**Your task**
An exact reprint of the listing is required, with no pictures included.
===== Raw data =====
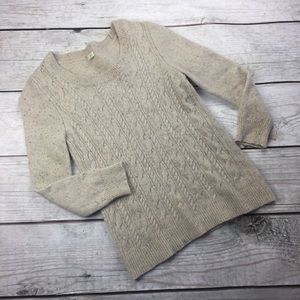 J. Crew- Tan Knit Lambs Wool Pullover- Small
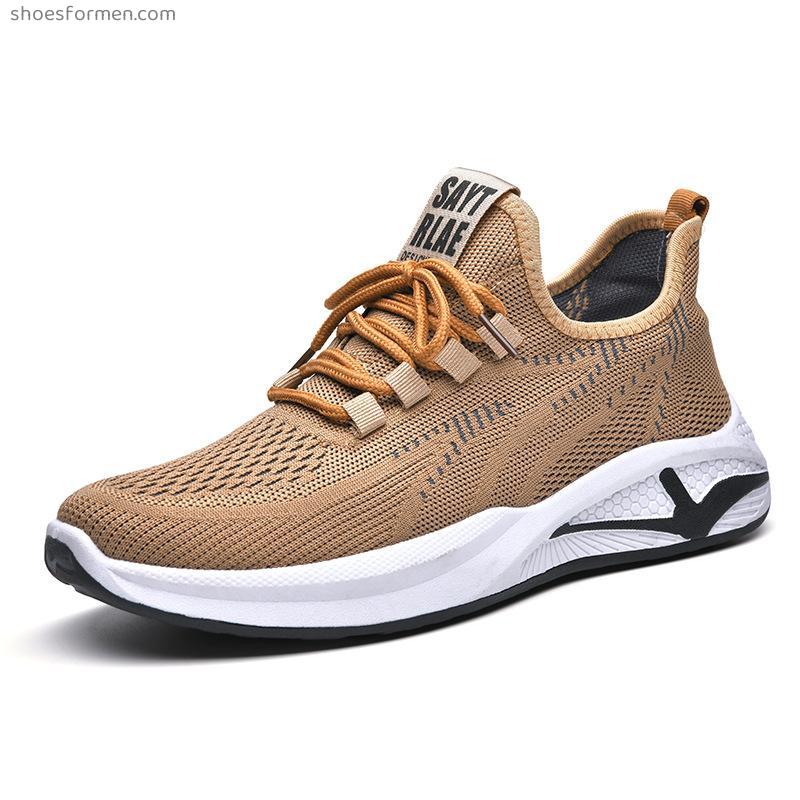 Men's shoes large size 2022 spring new men's casual flying weaving shoes trend running shoes Korean version of the net sneakers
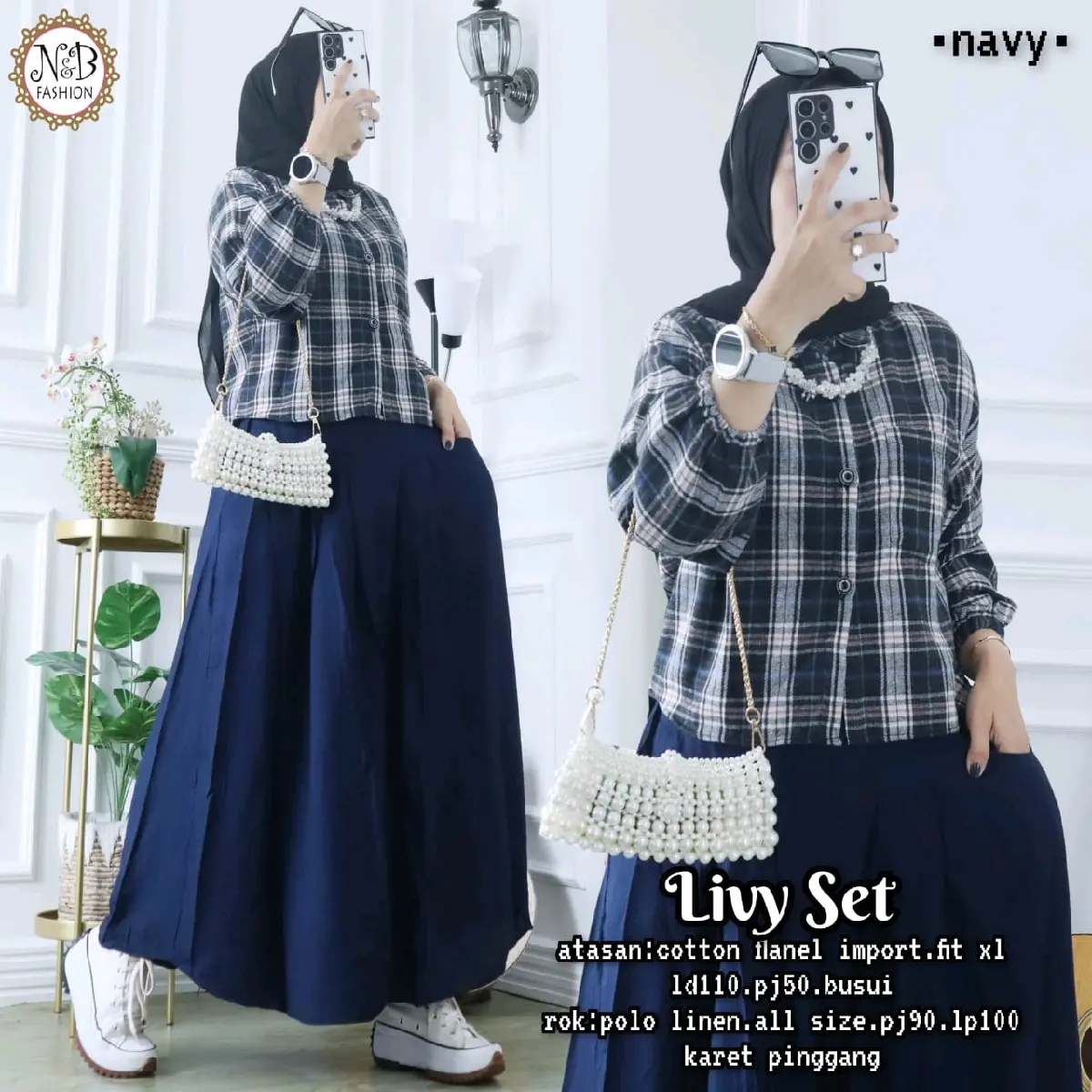SETELAN FLANEL LIVY SET ROK PREMIUM QUALITY ORI NB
=====
**Expected answer**
 J. Crew- Tan Knit Lambs Wool Pullover- Small
 Men's shoes large size 2022 spring new men's casual flying weaving shoes trend running shoes Korean version of the net sneakers
SETELAN FLANEL LIVY SET ROK PREMIUM QUALITY ORI NB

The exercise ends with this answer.